**** Source records

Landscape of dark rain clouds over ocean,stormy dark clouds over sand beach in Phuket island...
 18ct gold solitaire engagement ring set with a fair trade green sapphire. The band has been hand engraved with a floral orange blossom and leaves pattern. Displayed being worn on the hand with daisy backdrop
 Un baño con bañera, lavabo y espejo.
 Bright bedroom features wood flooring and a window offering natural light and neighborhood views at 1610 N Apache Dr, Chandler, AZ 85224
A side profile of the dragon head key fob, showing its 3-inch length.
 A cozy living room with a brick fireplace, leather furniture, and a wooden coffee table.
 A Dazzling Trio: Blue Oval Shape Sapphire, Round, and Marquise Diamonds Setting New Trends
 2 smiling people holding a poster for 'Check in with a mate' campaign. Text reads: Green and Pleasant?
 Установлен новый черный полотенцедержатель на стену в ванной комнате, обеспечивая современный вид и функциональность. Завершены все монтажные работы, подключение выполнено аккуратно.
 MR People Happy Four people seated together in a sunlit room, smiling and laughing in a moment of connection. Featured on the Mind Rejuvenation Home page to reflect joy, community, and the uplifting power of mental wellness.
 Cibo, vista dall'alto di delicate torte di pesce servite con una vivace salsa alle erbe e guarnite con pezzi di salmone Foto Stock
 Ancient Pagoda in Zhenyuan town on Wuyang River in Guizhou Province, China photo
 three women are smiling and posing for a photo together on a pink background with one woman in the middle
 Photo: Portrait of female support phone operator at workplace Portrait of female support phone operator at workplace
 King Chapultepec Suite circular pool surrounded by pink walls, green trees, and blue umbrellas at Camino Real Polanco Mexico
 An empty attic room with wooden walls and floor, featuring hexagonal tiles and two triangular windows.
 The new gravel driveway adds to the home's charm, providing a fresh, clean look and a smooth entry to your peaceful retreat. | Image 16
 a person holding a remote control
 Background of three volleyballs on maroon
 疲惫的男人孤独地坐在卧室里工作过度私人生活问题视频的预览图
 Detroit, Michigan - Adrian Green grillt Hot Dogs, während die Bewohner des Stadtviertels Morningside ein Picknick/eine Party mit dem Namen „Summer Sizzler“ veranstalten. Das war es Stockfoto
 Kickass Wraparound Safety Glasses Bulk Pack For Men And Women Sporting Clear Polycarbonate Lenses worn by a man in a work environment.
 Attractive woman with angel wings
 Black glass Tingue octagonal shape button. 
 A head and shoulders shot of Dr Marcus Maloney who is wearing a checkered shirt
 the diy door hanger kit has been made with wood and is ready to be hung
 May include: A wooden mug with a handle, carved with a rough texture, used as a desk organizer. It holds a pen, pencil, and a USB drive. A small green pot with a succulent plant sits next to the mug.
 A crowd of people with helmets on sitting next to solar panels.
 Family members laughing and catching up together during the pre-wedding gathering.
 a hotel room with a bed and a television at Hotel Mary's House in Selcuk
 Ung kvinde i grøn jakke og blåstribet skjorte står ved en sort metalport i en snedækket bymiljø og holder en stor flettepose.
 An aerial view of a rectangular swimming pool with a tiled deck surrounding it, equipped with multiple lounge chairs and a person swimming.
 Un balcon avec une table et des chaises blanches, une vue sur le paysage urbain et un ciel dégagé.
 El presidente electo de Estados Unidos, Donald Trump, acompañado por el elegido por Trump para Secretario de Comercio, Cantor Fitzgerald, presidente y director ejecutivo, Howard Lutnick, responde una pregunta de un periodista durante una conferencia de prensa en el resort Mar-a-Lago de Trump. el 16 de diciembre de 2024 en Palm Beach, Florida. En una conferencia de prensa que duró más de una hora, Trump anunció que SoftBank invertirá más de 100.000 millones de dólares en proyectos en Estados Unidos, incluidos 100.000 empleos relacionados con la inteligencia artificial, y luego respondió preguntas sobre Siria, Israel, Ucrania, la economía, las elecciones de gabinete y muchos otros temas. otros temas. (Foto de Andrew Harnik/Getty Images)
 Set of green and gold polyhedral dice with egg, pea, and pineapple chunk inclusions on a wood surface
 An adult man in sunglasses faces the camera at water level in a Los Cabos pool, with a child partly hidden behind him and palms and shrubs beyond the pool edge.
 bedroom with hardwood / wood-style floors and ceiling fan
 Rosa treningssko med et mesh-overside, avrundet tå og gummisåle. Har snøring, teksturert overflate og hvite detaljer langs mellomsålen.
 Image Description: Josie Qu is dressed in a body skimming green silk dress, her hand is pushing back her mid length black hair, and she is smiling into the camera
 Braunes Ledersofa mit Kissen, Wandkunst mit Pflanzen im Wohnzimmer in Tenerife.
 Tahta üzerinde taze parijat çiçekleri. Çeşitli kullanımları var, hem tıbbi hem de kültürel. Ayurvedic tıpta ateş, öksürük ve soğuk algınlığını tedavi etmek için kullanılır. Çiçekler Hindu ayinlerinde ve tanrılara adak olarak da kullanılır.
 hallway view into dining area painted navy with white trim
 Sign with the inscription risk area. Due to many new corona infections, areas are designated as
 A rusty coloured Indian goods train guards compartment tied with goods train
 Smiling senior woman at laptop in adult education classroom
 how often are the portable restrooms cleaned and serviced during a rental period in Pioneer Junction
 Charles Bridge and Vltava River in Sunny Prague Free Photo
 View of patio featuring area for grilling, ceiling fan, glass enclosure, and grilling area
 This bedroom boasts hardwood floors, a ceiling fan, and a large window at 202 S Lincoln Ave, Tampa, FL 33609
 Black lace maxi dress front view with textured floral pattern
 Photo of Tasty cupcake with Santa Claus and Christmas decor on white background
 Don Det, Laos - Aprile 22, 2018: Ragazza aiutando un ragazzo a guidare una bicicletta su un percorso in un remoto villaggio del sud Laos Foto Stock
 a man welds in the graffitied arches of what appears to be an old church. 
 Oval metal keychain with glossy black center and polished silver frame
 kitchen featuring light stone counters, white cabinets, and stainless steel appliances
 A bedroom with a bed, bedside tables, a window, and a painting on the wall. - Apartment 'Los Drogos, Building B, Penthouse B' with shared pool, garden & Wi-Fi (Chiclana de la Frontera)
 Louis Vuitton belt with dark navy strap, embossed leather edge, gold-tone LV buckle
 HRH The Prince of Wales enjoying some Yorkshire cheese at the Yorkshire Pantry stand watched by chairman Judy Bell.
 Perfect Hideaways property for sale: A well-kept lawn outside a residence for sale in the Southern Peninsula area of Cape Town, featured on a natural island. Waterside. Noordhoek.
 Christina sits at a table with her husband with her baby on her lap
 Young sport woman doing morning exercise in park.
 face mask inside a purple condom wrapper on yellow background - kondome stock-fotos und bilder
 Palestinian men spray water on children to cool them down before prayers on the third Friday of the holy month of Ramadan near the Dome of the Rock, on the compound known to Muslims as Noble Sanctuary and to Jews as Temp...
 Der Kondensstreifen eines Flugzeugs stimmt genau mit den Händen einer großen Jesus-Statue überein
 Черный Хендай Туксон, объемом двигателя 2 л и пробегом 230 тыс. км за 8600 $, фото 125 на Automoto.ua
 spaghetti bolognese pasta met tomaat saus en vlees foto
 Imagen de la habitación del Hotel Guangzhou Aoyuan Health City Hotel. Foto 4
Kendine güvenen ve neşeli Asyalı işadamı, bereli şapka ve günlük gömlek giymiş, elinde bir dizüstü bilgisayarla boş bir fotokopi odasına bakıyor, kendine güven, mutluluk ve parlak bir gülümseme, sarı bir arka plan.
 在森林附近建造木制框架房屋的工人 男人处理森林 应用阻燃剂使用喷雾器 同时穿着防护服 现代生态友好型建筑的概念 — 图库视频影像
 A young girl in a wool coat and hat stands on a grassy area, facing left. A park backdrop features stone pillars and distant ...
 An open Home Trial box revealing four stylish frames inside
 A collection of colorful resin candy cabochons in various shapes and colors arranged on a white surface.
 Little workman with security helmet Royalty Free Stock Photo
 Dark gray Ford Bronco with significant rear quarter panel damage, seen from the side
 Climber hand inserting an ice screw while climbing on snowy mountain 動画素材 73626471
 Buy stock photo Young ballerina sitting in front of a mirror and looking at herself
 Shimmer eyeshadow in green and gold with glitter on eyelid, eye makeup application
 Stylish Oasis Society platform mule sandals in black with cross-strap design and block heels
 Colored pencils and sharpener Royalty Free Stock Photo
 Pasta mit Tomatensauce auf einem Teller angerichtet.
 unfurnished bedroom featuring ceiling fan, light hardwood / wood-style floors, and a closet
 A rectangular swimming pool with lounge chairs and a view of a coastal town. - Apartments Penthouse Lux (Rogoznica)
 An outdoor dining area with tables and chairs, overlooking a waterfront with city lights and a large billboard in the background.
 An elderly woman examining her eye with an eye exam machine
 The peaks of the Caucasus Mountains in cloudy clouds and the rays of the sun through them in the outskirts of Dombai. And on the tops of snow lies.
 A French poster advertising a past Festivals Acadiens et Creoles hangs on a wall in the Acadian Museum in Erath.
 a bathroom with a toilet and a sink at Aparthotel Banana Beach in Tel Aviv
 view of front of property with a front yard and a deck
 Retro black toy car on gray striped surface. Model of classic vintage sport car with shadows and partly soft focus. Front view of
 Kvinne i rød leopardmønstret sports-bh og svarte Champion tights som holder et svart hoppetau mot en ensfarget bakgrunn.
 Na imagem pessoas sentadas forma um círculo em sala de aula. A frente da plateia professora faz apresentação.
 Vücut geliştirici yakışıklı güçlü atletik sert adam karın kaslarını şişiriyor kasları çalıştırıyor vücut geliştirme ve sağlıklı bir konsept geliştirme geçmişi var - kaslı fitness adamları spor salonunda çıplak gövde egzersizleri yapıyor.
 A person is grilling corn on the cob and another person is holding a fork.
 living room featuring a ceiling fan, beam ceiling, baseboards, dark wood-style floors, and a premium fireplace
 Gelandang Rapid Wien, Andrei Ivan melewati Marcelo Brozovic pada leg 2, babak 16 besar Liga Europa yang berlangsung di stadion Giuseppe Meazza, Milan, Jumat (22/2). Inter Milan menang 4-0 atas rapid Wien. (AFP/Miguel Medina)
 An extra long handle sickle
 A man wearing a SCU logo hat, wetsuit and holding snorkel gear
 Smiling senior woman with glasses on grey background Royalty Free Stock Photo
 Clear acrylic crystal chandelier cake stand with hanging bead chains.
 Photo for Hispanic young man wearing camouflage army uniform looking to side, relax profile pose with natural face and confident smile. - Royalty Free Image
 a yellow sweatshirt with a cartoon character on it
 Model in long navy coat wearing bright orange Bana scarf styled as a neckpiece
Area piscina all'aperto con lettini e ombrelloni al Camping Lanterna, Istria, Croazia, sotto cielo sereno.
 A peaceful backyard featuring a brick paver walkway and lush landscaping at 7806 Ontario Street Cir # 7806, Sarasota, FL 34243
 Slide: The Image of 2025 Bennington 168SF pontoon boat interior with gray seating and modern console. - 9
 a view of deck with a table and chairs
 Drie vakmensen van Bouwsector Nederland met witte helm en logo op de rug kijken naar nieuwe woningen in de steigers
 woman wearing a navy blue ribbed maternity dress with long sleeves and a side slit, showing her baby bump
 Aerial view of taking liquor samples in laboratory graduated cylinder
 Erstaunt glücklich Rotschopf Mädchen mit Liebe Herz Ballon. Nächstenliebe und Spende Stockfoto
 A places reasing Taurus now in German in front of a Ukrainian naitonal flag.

********

Problem to solve =>
Copy the lines of the data above exactly as written, beginning with the line containing "Na imagem pessoas" and ending with the line containing "A peaceful backyard", and leave out all other lines.

Solution =>
 Na imagem pessoas sentadas forma um círculo em sala de aula. A frente da plateia professora faz apresentação.
 Vücut geliştirici yakışıklı güçlü atletik sert adam karın kaslarını şişiriyor kasları çalıştırıyor vücut geliştirme ve sağlıklı bir konsept geliştirme geçmişi var - kaslı fitness adamları spor salonunda çıplak gövde egzersizleri yapıyor.
 A person is grilling corn on the cob and another person is holding a fork.
 living room featuring a ceiling fan, beam ceiling, baseboards, dark wood-style floors, and a premium fireplace
 Gelandang Rapid Wien, Andrei Ivan melewati Marcelo Brozovic pada leg 2, babak 16 besar Liga Europa yang berlangsung di stadion Giuseppe Meazza, Milan, Jumat (22/2). Inter Milan menang 4-0 atas rapid Wien. (AFP/Miguel Medina)
 An extra long handle sickle
 A man wearing a SCU logo hat, wetsuit and holding snorkel gear
 Smiling senior woman with glasses on grey background Royalty Free Stock Photo
 Clear acrylic crystal chandelier cake stand with hanging bead chains.
 Photo for Hispanic young man wearing camouflage army uniform looking to side, relax profile pose with natural face and confident smile. - Royalty Free Image
 a yellow sweatshirt with a cartoon character on it
 Model in long navy coat wearing bright orange Bana scarf styled as a neckpiece
Area piscina all'aperto con lettini e ombrelloni al Camping Lanterna, Istria, Croazia, sotto cielo sereno.
 A peaceful backyard featuring a brick paver walkway and lush landscaping at 7806 Ontario Street Cir # 7806, Sarasota, FL 34243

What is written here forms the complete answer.